Lieber Kollege Vogt, zum Hinweis von Ihnen, niemand würde sich an dieses Tariftreuegesetz halten, dazu muss ich ganz ehrlich sagen -

(Christopher Vogt [FDP]: Das habe ich nicht gesagt! Viele!)

- Das war Ihr Wortbeitrag, niemand würde sich daran halten.

(Christopher Vogt [FDP]: Zitieren Sie doch korrekt, Herr Kollege!)

- Wir können beide nachher nachlesen, was Sie gesagt haben. Selbst wenn es so gut wie niemand sein sollte, der sich daran hält, ist das doch genau das Argument dafür, dass es das Korruptionsregister

geben muss. Ansonsten würde das Ganze doch keinen Sinn ergeben.

(Beifall SPD, BÜNDNIS 90/DIE GRÜNEN und SSW - Dr. Ralf Stegner [SPD]: Genau so ist das! - Christopher Vogt [FDP]: Wer kon- trolliert das denn?)

Wenn es wirklich so sein sollte, dass sich so wenige daran halten, muss ich ganz ehrlich fragen: Lieber Kollege Vogt, welches Vertrauen haben Sie denn in unsere Unternehmerinnen und Unternehmer?
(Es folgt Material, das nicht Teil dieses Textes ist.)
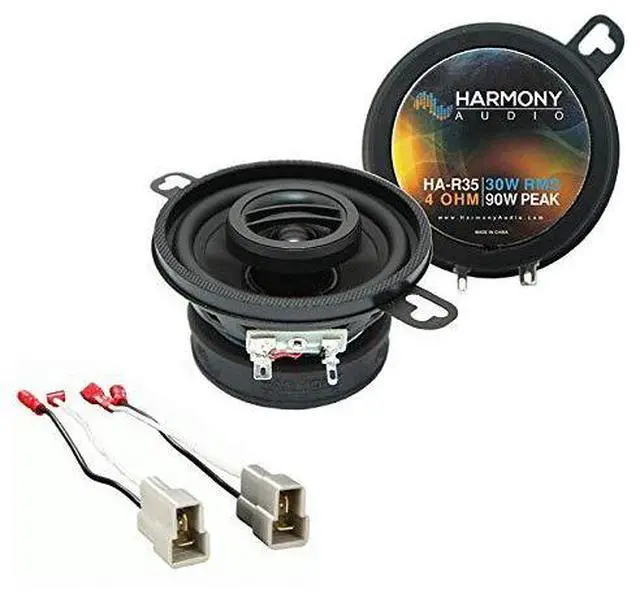 Main image of Fits VW Rabbit 1980-1984 3.5" 90W Speaker Replacement Package | Volkswagen upgrade kit connects factory wiring harness no-cut, restores clear sound, easy classic car install, 3.5 inch size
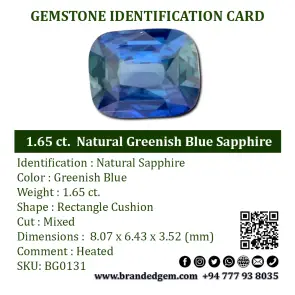 1.65 ct.  Natural Greenish Blue Sapphire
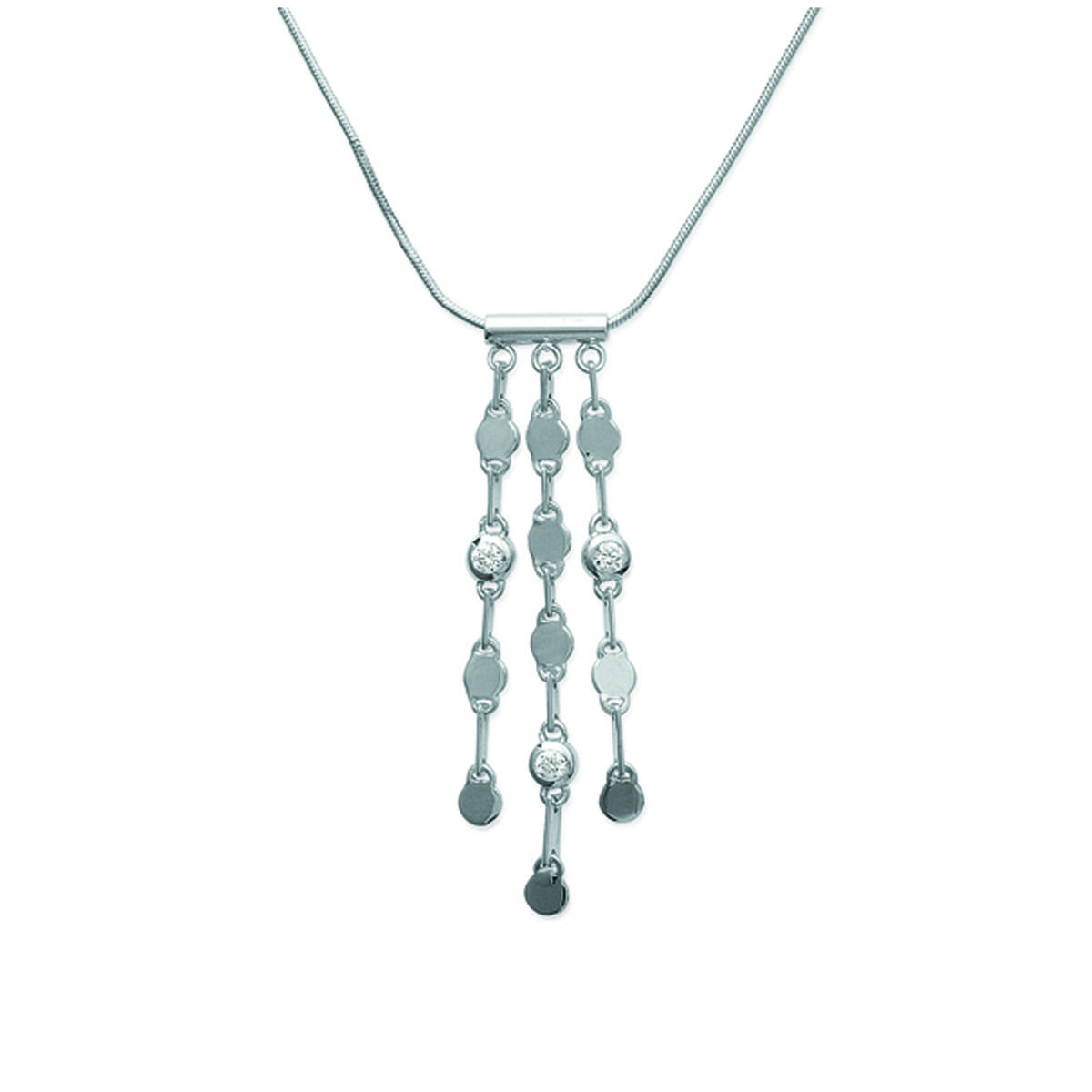 

Les Trésors De Lily [J2066] - Серебряное колье Déesse серебристо-белое (родиевое покрытие) - 5 см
Ich empfinde es als eine Klatsche in das Gesicht der Unternehmerinnen und Unternehmer, ihnen von vornherein zu unterstellen, keiner würde sich daran halten. Das tut mir wirklich leid.
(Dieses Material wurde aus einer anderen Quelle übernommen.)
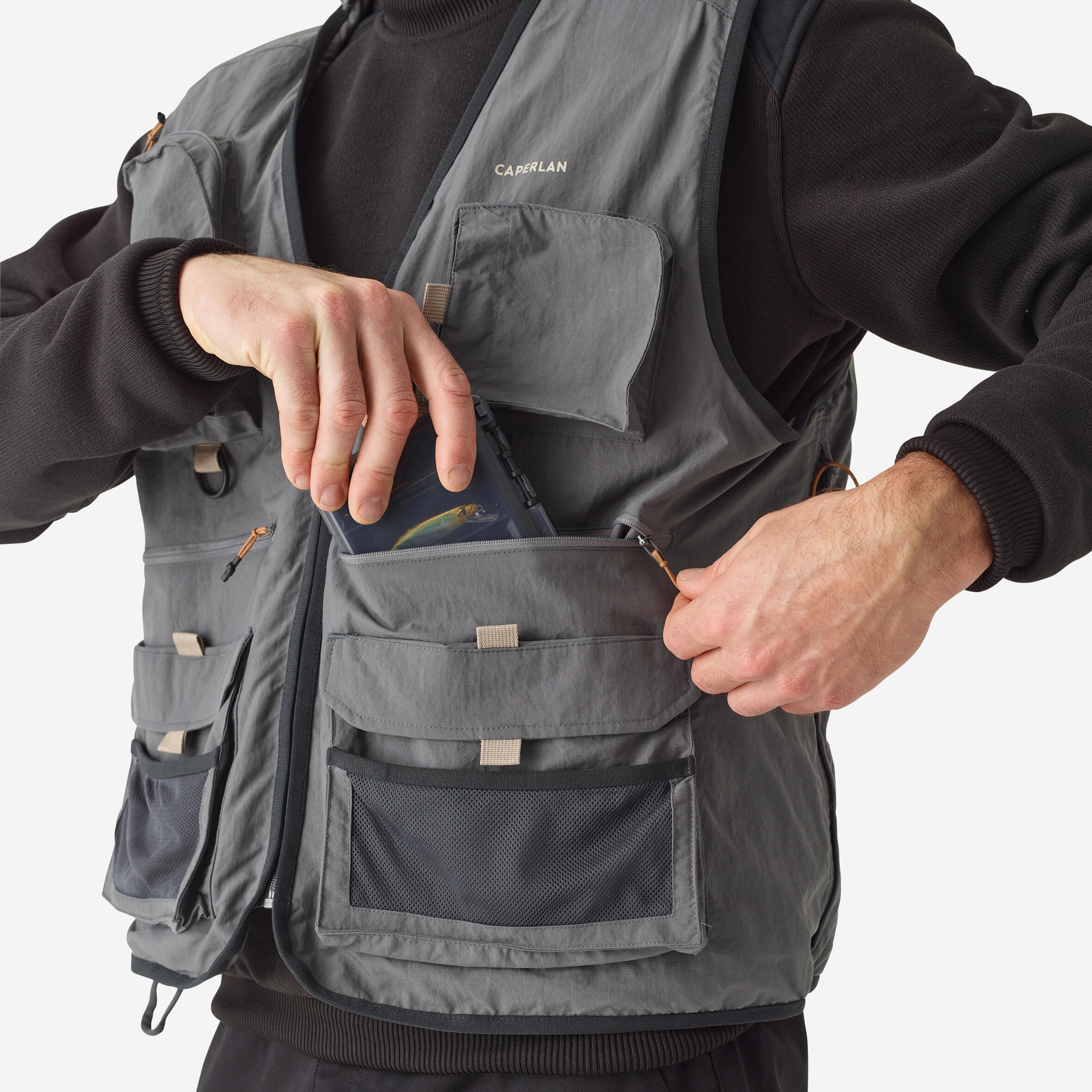 Fishing Vest - FV 500 Grey - CAPERLAN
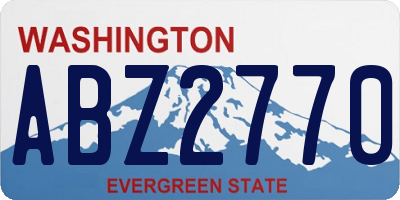 WA license plate ABZ2770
(Anhaltender Beifall SPD, BÜNDNIS 90/ DIE GRÜNEN und SSW - Christopher Vogt [FDP]: Wir müssen schon bei der Wahrheit bleiben, Herr Kollege!)

Herr Abgeordneter, Ihre Redezeit für diesen Beitrag ist abgelaufen. Sie haben aber die Gelegenheit, sie quasi zu verlängern, wenn Sie eine Bemerkung oder eine Zwischenfrage des Abgeordneten Kubicki zulassen.

Gut, dann freue ich mich über die weitere Minute.

Herr Kollege, würden Sie freundlicherweise zur Kenntnis nehmen, dass der Kollege Vogt davon gesprochen hat, dass dieses gesetzlich nicht kontrolliert werde. Er hat nicht davon gesprochen, dass die Unternehmer sich daran nicht hielten. Es wird nicht kontrolliert, und was nicht kontrolliert wird, macht vergleichsweise wenig Sinn.